Таблица dim_pet_type

In [15]:
dim_pet_type = mock_data \
    .select(
        col("customer_pet_type").alias("pet_type_name")
    ) \
    .distinct()

In [16]:
dim_pet_type.show()
dim_pet_type.count()

+-------------+
|pet_type_name|
+-------------+
|          dog|
|          cat|
|         bird|
+-------------+



3

In [17]:
write_table(dim_pet_type, "dim_pet_type")

Таблица dim_pet_breed

In [18]:
dim_pet_breed = mock_data \
    .select(
        col("customer_pet_breed").alias("pet_breed_name")
    ) \
    .distinct()

In [19]:
dim_pet_breed.show()
dim_pet_breed.count()

+------------------+
|    pet_breed_name|
+------------------+
|Labrador Retriever|
|          Parakeet|
|           Siamese|
+------------------+



3

In [20]:
write_table(dim_pet_breed, "dim_pet_breed")

Таблица dim_pet_category

In [21]:
dim_pet_category = mock_data.alias("md") \
    .select(
        col("md.pet_category").alias("pet_category_name")
    ) \
    .distinct()

In [22]:
dim_pet_category.show()
dim_pet_category.count()

+-----------------+
|pet_category_name|
+-----------------+
|         Reptiles|
|             Fish|
|            Birds|
|             Dogs|
|             Cats|
+-----------------+



5

In [23]:
write_table(dim_pet_category, "dim_pet_category")

Таблица dim_pet

In [24]:
dim_pet_type_df = read_table("dim_pet_type")
dim_pet_breed_df = read_table("dim_pet_breed")
dim_pet_category_df = read_table("dim_pet_category")

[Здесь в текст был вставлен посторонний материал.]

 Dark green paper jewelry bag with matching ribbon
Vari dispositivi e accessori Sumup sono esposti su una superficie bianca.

dim_pet = mock_data.alias("md") \
    .join(dim_pet_type_df.alias("pt"), col("md.customer_pet_type") == col("pt.pet_type_name")) \
    .join(dim_pet_breed_df.alias("pb"), col("md.customer_pet_breed") == col("pb.pet_breed_name")) \
    .join(dim_pet_category_df.alias("pc"), col("md.pet_category") == col("pc.pet_category_name")) \
    .select(
        col("md.customer_pet_name").alias("name"),
        col("pt.pet_type_id"),
        col("pb.pet_breed_id"),
        col("pc.pet_category_id")   
    ) \
    .distinct()

In [25]:
dim_pet.show()
dim_pet.count()

+--------+-----------+------------+---------------+
|    name|pet_type_id|pet_breed_id|pet_category_id|
+--------+-----------+------------+---------------+
|    Bili|          3|           2|              3|
|   Cordi|          3|           2|              3|
|    Addy|          3|           2|              3|
|Isabelle|          1|           2|              3|
| Hedvige|          1|           2|              3|
|   Gayle|          3|           3|              3|
|   Worth|          1|           3|              3|
|   Maddy|          2|           1|              5|
| Inesita|          2|           1|              5|
|    Perl|          3|           2|              5|
|   Moria|          3|           2|              5|
|   Shawn|          3|           2|              5|
|  Lamont|          3|           2|              5|
|     Ira|          1|           2|              5|
|Catriona|          1|           2|              5|
| Ethelyn|          2|           3|              5|
| Florian|  

9850

In [26]:
write_table(dim_pet, "dim_pet")

Таблица dim_customer

In [27]:
dim_country_df = read_table("dim_country")
dim_pet_df = read_table("dim_pet")
dim_pet_type_df = read_table("dim_pet_type")
dim_pet_breed_df = read_table("dim_pet_breed")
dim_pet_category_df = read_table("dim_pet_category")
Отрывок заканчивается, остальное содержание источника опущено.